§ TASK DETAILS
Through to the final line, write out the records below exactly, omitting any images they contain.

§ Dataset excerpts
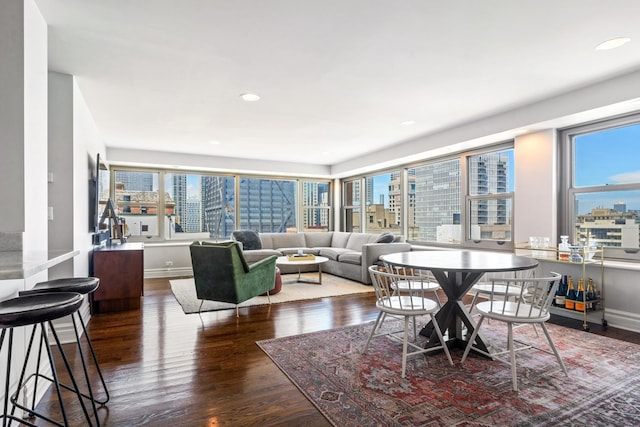 dining area featuring a view of city, recessed lighting, baseboards, and wood finished floors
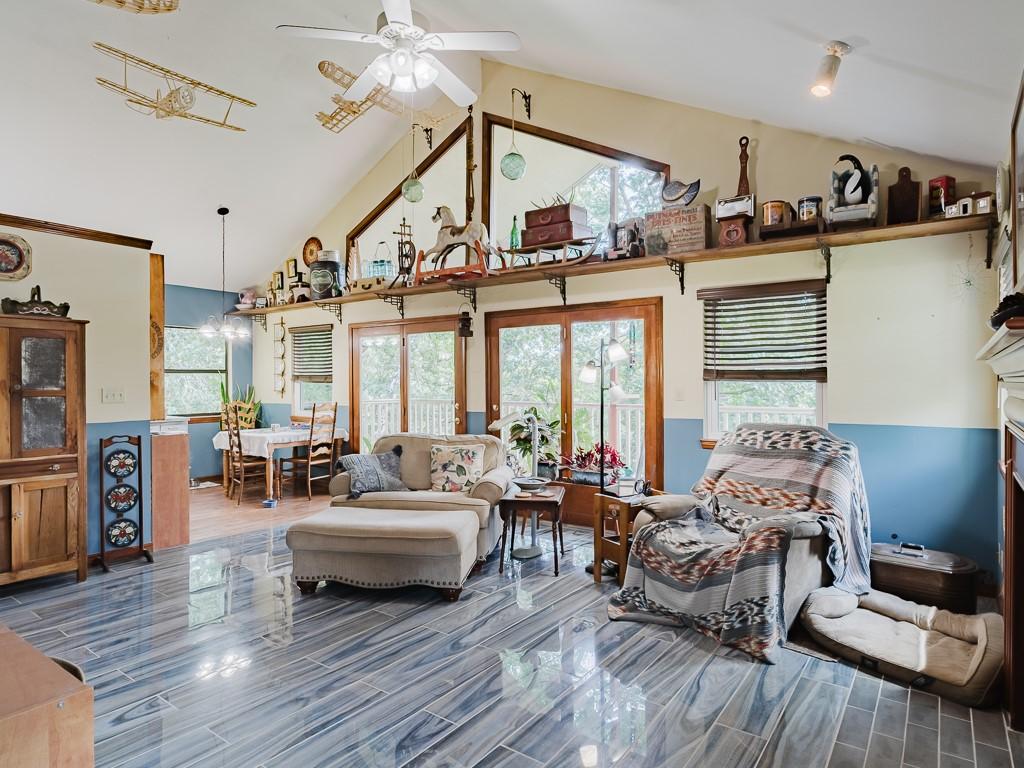 Image 3: Vaulted ceilings with exposed beams complement the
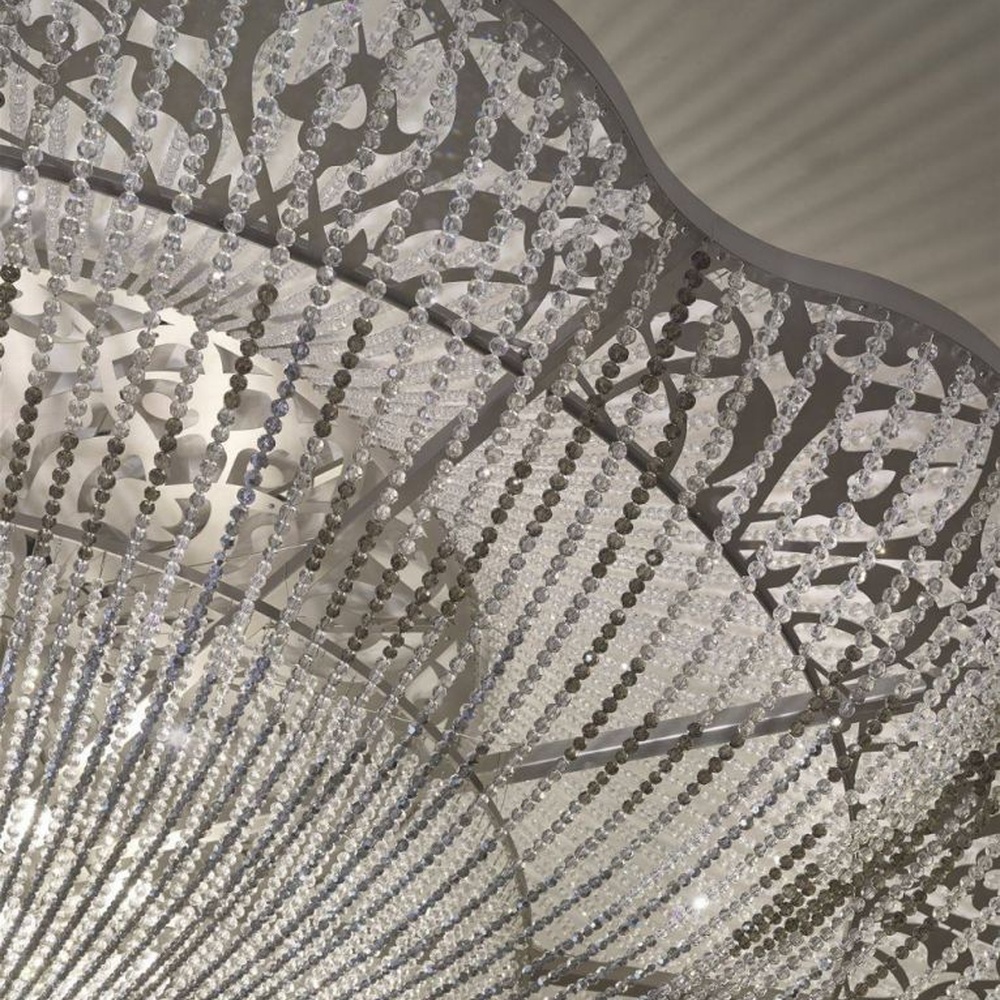 This large petal-shaped crystal ceiling lamp consists of radial crystal strips forming a hollow petal shape, with light refracting a brilliant halo through it, serving both lighting and decorative purposes, suitable for high-end luxury spaces such as hotel banquet halls and large clubs.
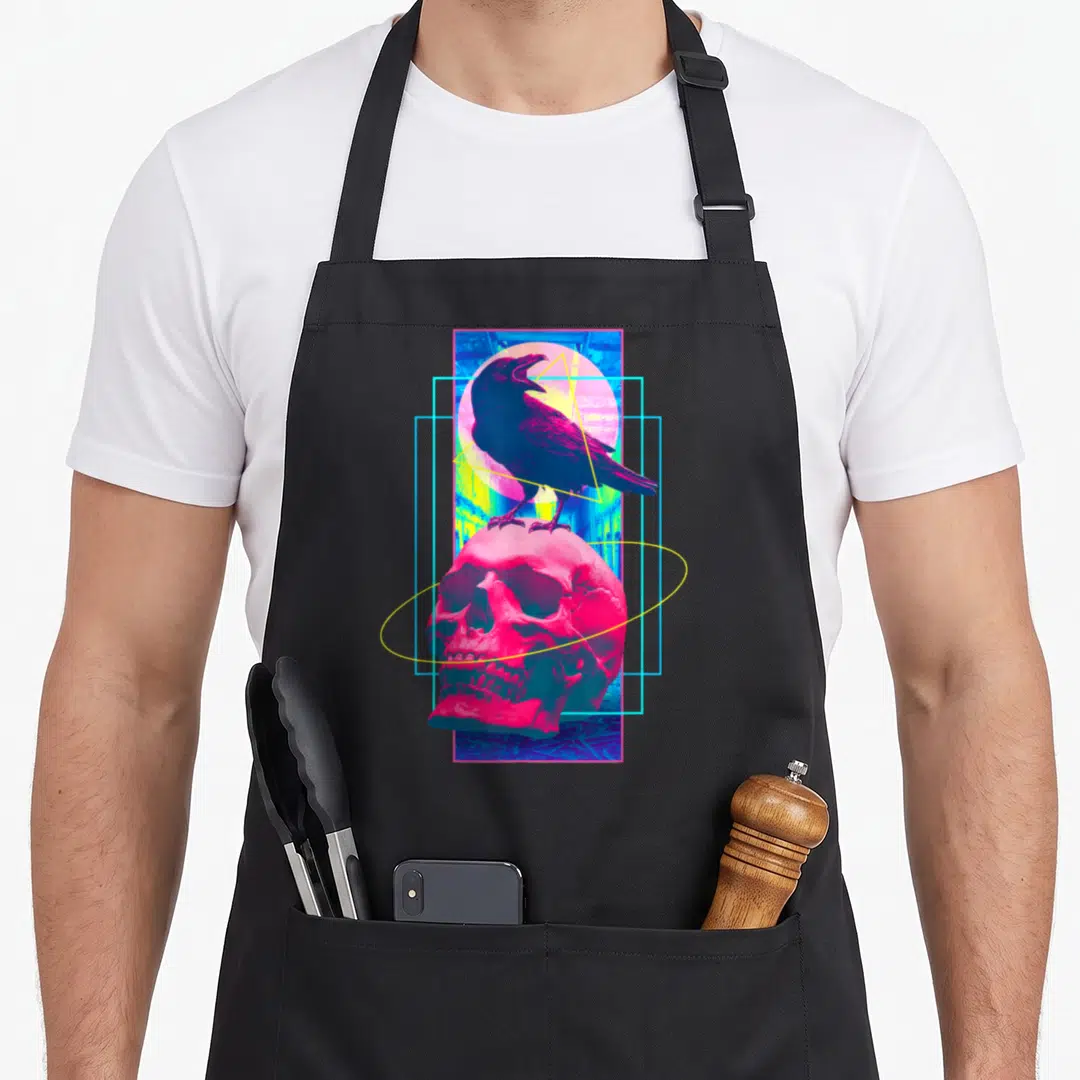 Vaporwave halloween apron - Raven on skull with magenta cyan yellow blue geometric shapes retro style — shown on a black cotton canvas apron against a white background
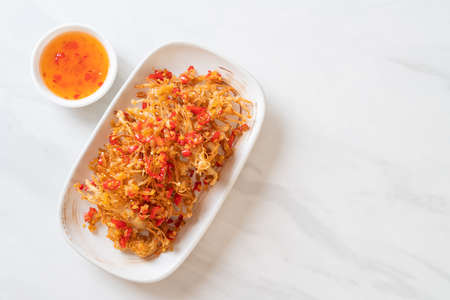 Fried Enoki Mushroom or Golden Needle Mushroom with Salt and Chilli - vegan and vegetarian food styleの写真素材
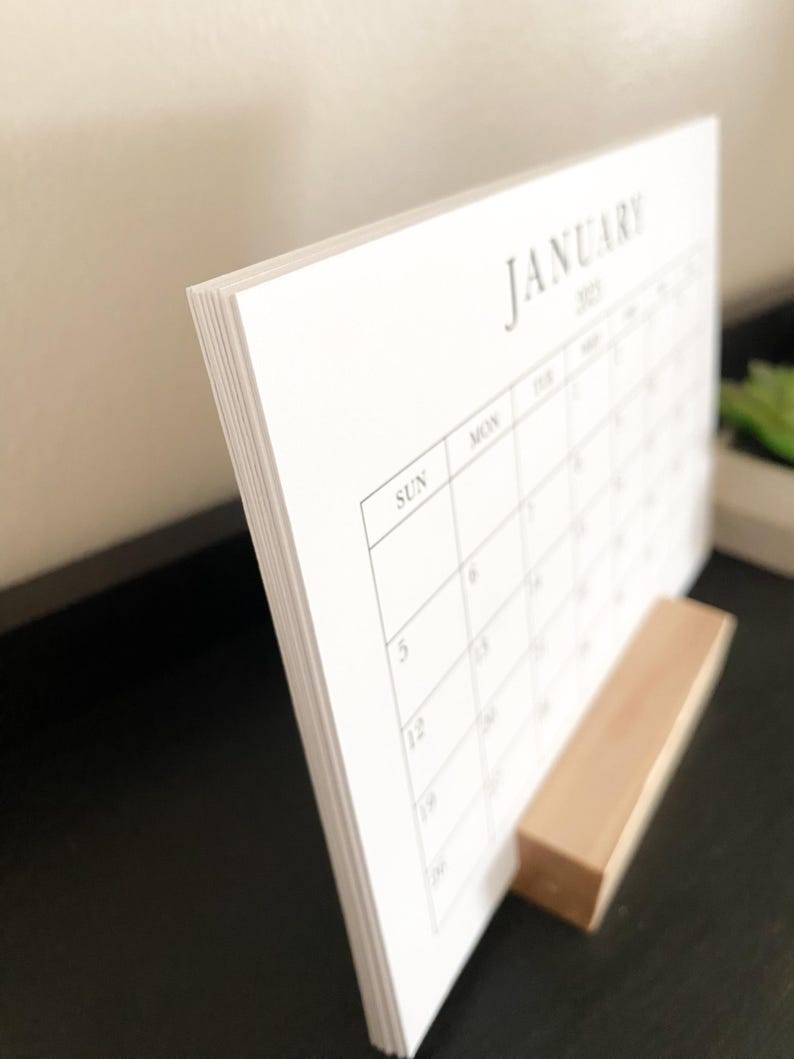 Puede incluir: Un calendario de escritorio blanco con el mes de enero de 2023. El calendario est&aacute; de pie sobre un soporte de madera.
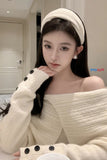 Woman wearing a white off-shoulder sweater with black buttons indoors.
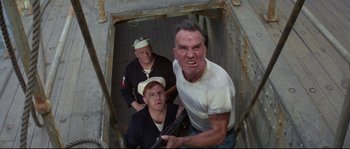 Movie still from “The Sand Pebbles” (1966), directed by Robert Wise – A group of men standing next to each other holding guns; Medium shot, Low angle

§ ANSWER BELOW
 dining area featuring a view of city, recessed lighting, baseboards, and wood finished floors
 Image 3: Vaulted ceilings with exposed beams complement the
 This large petal-shaped crystal ceiling lamp consists of radial crystal strips forming a hollow petal shape, with light refracting a brilliant halo through it, serving both lighting and decorative purposes, suitable for high-end luxury spaces such as hotel banquet halls and large clubs.
 Vaporwave halloween apron - Raven on skull with magenta cyan yellow blue geometric shapes retro style — shown on a black cotton canvas apron against a white background
 Fried Enoki Mushroom or Golden Needle Mushroom with Salt and Chilli - vegan and vegetarian food styleの写真素材
 Puede incluir: Un calendario de escritorio blanco con el mes de enero de 2023. El calendario est&aacute; de pie sobre un soporte de madera.
 Woman wearing a white off-shoulder sweater with black buttons indoors.
 Movie still from “The Sand Pebbles” (1966), directed by Robert Wise – A group of men standing next to each other holding guns; Medium shot, Low angle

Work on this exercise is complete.